MITIGATION EFFORTS

Enhance uptake of livestock insurance to offset losses

To the pastoral community, drought accounts for more losses than banditry and diseases combined

In Summary

• Approximately five million pastoralists are at risk of losing a significant part of their animals to drought. 

• Although livestock insurance has been in Kenya for close to a decade, its products focus on high-value dairy animals. 

The carcass of an animal that died in Baringo county as a result of the drought.
The carcass of an animal that died in Baringo county as a result of the drought.
Image: FILE

It seems that lessons learnt from the 2011 drought were in vain. Judging from recent media reports and images broadcast on television, it is apparent the even this year, the livestock enterprise is once more on the cusp of profound losses.

Approximately five million pastoralists are at risk of losing a significant part of their animals, and domestic fundraising strategies pegged on generous donations have yielded little results, they are dead horse theory. 
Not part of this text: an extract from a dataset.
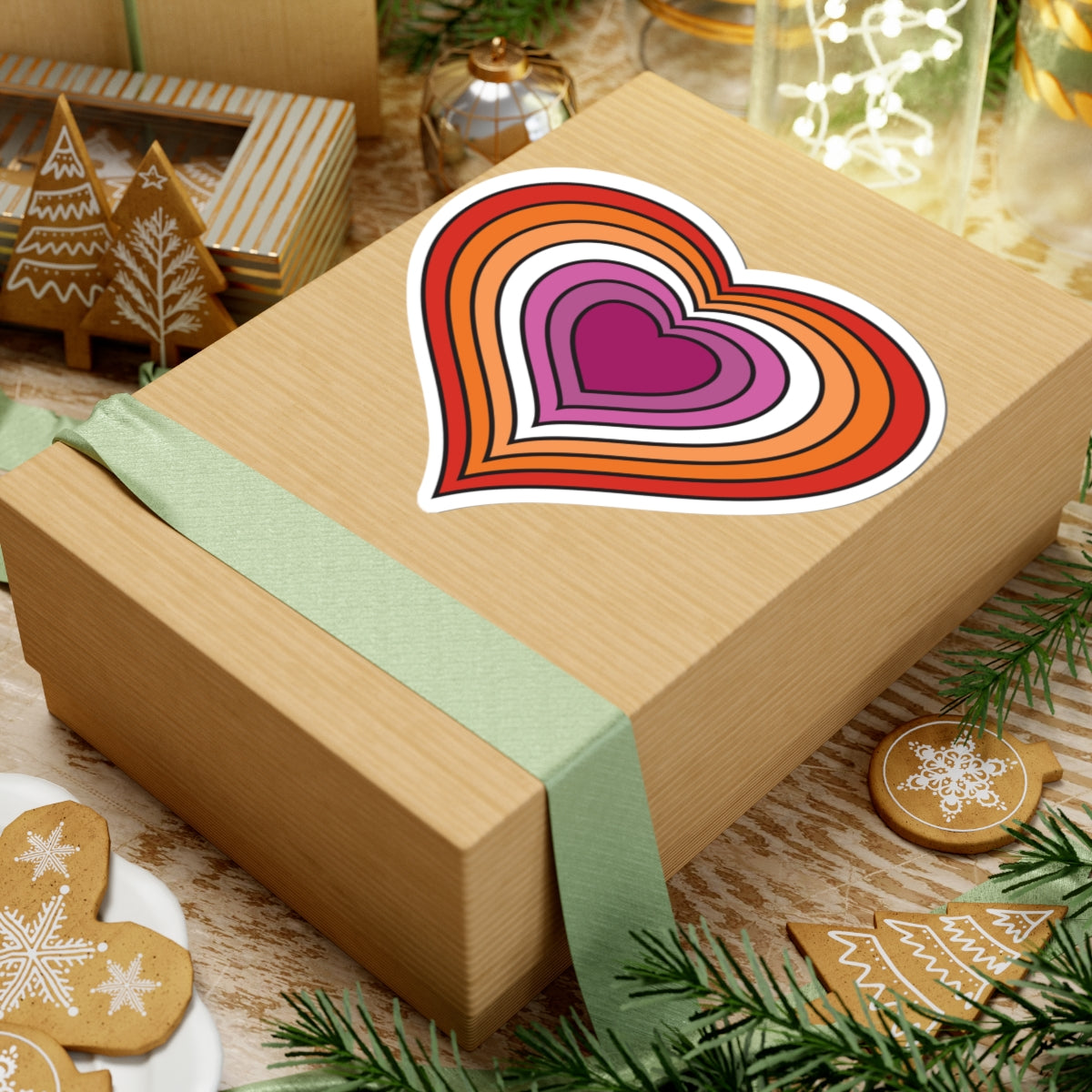 Gift box with a green ribbon on a festive table with cookies and decorations. Lesbian heart sticker centered on the box.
A raft of data and research testifies that unless profound solutions are instituted, the shortcomings of the livestock enterprise will continue to recur in the long term. To pastoralists, droughts are just catastrophic, they cause more livestock losses than cattle rustling and diseases combined.

On hunger, the impact of drought on pastoral communities is noticeably severe and double-edged. Episodes of starvation are interchangeably replaced by livestock losses, and gains made towards securing pastoral livelihoods remain fragile amidst the failure of entities concerned to effectively follow up.

To break the cyclic nature of pastoral livelihood losses, communities concerned should dismount the dead horse. Because, appointing committees to study the horse, or arranging to visit other countries to see how they ride their dead horses will not help mitigate the impacts of drought on livestock.

Many solutions to livestock development exist but they are seldom a cause for any celebration.

An ideal solution fashioned within the prism of insurance can help to mitigate the resultant impacts of drought. In this context, an insurance system which combines livestock insurance system with satellite remote sensing technology can help to mitigate losses.

Livestock insurance can cushion pastoralists against losses induced by weather variations. This is because it provides a bold avenue, which, if promoted and utilised appropriately, can help to cushion pastoral communities against livestock losses.

Although livestock insurance has been in the Kenyan market for close to a decade, its design is loose in two points; livestock insurance products focus on high-value dairy animals and as a product, it is yet to adopt elements of local Islamic insurance mode.

A review of insurance companies indicates that at the moment, there are two main insurance companies offering livestock insurance-based products. Rightly so, because of the manual process required to ascertain drought-induced losses and the limited baseline reference. 

The platform to operationalise livestock insurance is ripe; ownership of smartphones even among the pastoralists is highest in the region. Dispensing insurance payouts on a large scale to pastoral communities has successfully happened in Ethiopia than any other country in the region.

The success of livestock insurance Ethiopia can variously be attributed to the fact that it is well orchestrated by humanitarian agencies such as the World Food Programme and specialised agencies like the African Risk Capacity.

Incorporating humanitarian organisations in actualising livestock insurance can help provide focus and drive consistent prioritisation, especially in a setting where agriculture is a devolved function.

It is time to see livestock losses for what they are–a national security threat that has the potential to cripple pastoral livelihood.

For livestock insurance to be successful, a concerted effort among ecosystem participants is required to sensitise, fund and promote a shared, standardised livestock threat quantification framework.